- Born: Elizabeth Nichols June 21, 2002 (age 24) Plano, Texas, U.S.
- Genres: Country
- Occupations: Singer; songwriter;
- Instruments: Vocals; guitar;
- Years active: 2024–present
- Label: Pulse Records;
- Website: elizabethnichols.co/home

= Elizabeth Nichols (singer) =

American singer-songwriter (born 2002)

Elizabeth Nichols (born June 21, 2002) is an American country singer and songwriter. She was the June 2025 Billboard country rookie of the month, and debuted at the Grand Ole Opry on November 1, 2025.

== Early life ==
Born in Texas in 2002, Nichols is the daughter of a pastor and was raised on a farm near Louisville, Kentucky. She studied writing at Oral Roberts University in Tulsa, Oklahoma, where she completed a study abroad program in Melbourne, Australia, and also earned a Master of Business Administration degree. In August 2024, Nichols moved to Nashville, Tennessee, to pursue law school and music simultaneously, where she enrolled in the Belmont University College of Law. She released her debut single, "I Got a New One", in December 2024, and dropped out of law school around January 2025 to pursue music full-time.

== Career ==
In March 2025, Nichols signed with Pulse Records, the label led by co-executives Scott Cutler and Josh Abraham. In May, Kelly Clarkson covered "I Got a New One" on The Kelly Clarkson Show, and Nichols was named "country rookie of the month" by Billboard that June. Nichols has said that writing songs helps her process events that happen to her.

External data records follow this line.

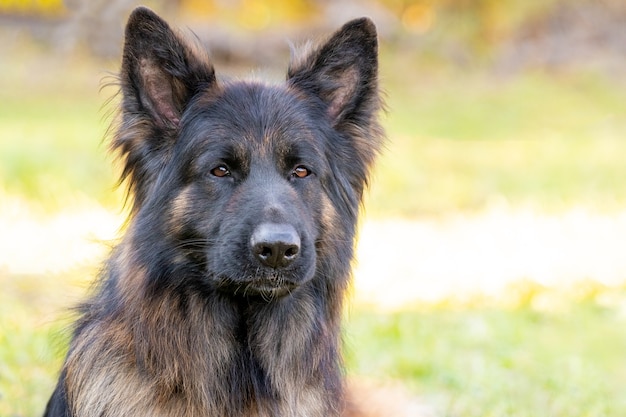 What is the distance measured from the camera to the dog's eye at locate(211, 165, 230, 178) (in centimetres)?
448

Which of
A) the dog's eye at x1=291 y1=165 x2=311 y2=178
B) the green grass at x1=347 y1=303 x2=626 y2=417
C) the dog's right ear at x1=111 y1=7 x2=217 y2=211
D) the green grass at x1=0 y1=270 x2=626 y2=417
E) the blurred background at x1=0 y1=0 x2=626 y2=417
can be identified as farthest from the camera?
the blurred background at x1=0 y1=0 x2=626 y2=417

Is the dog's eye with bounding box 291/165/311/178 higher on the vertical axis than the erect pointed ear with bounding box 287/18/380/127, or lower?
lower

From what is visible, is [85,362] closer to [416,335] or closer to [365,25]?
[365,25]

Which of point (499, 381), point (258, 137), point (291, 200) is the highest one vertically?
point (258, 137)

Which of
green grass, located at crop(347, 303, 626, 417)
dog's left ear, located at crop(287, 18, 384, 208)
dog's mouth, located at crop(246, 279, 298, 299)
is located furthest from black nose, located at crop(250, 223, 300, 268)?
green grass, located at crop(347, 303, 626, 417)

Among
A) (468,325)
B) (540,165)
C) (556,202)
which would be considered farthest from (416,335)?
(540,165)

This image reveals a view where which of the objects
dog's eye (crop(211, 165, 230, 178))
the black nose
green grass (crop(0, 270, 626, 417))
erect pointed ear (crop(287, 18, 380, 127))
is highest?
erect pointed ear (crop(287, 18, 380, 127))

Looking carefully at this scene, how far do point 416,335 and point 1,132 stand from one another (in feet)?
34.8

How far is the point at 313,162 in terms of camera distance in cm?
463

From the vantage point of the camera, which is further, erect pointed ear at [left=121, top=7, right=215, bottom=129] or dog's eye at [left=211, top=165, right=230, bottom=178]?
dog's eye at [left=211, top=165, right=230, bottom=178]

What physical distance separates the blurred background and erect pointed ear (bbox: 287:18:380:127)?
382mm

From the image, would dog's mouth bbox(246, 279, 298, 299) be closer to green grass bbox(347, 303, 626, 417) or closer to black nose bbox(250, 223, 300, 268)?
black nose bbox(250, 223, 300, 268)

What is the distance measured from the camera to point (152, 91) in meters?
4.51

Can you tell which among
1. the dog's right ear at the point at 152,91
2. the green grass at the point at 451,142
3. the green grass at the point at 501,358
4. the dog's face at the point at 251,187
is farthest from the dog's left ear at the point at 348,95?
the green grass at the point at 501,358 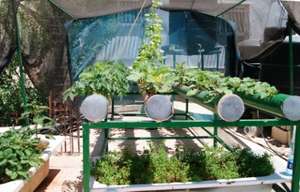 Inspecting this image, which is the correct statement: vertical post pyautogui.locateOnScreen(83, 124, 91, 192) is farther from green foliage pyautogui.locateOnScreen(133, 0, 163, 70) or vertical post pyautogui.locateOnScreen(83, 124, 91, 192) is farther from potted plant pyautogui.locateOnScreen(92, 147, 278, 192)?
green foliage pyautogui.locateOnScreen(133, 0, 163, 70)

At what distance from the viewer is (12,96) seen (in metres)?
6.16

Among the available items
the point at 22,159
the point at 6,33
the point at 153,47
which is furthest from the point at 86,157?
the point at 6,33

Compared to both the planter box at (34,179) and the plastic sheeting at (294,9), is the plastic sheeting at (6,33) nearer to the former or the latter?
the planter box at (34,179)

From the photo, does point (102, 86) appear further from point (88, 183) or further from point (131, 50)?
point (131, 50)

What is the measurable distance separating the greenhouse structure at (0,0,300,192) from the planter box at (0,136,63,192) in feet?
0.04

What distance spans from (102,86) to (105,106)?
55 centimetres

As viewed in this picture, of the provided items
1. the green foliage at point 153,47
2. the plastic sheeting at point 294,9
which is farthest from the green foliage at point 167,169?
the plastic sheeting at point 294,9

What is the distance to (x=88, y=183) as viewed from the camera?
2.57m

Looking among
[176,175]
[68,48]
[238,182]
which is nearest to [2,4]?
[68,48]

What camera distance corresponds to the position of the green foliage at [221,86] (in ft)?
8.36

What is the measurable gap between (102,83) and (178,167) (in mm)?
839

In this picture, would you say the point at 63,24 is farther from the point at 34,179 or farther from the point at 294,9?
the point at 294,9

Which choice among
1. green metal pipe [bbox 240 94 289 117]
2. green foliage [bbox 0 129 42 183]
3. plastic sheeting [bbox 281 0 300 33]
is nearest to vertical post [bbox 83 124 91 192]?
green foliage [bbox 0 129 42 183]

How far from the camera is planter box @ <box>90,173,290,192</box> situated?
2.66 meters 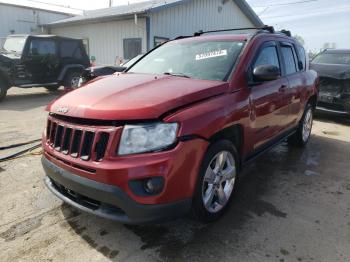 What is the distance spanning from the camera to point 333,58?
9.59 m

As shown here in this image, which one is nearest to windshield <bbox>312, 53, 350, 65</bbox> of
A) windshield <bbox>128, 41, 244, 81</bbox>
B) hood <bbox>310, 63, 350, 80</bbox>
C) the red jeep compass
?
hood <bbox>310, 63, 350, 80</bbox>

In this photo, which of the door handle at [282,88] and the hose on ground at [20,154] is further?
the hose on ground at [20,154]

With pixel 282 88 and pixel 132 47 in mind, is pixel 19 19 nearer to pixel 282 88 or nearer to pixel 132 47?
pixel 132 47

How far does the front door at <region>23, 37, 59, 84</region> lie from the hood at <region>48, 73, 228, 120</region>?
8647mm

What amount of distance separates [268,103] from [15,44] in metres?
10.3

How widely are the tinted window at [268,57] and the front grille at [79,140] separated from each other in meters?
2.02

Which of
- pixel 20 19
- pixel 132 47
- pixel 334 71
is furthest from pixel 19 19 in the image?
pixel 334 71

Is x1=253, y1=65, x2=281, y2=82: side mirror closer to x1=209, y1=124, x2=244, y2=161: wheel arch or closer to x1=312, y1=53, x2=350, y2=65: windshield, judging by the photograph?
x1=209, y1=124, x2=244, y2=161: wheel arch

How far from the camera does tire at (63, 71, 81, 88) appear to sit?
12.1 meters

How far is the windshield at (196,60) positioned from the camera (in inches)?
138

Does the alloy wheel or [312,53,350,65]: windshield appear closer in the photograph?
the alloy wheel

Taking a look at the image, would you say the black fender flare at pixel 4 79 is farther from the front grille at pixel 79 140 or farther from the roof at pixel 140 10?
the front grille at pixel 79 140

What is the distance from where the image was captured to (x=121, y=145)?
249 cm

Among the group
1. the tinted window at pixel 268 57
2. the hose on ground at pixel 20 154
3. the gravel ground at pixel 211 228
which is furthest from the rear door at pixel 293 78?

In October 2025, she posted snippets of her satirical unreleased song "Might Go MAGA" to TikTok, which went viral. She has said that she intentionally does not explain the symbolism of her lyrics, allowing her listeners to form their own interpretations and reactions. The following month, on November 1, 2025, Nichols made her debut at the Grand Ole Opry. In January 2026, Taste of Country named her an "artist to watch" in 2026. She appeared on The Kelly Clarkson Show in April, singing "I Got a New One"; she described appearing on the show herself as a "full-circle" moment from the cover that boosted her career.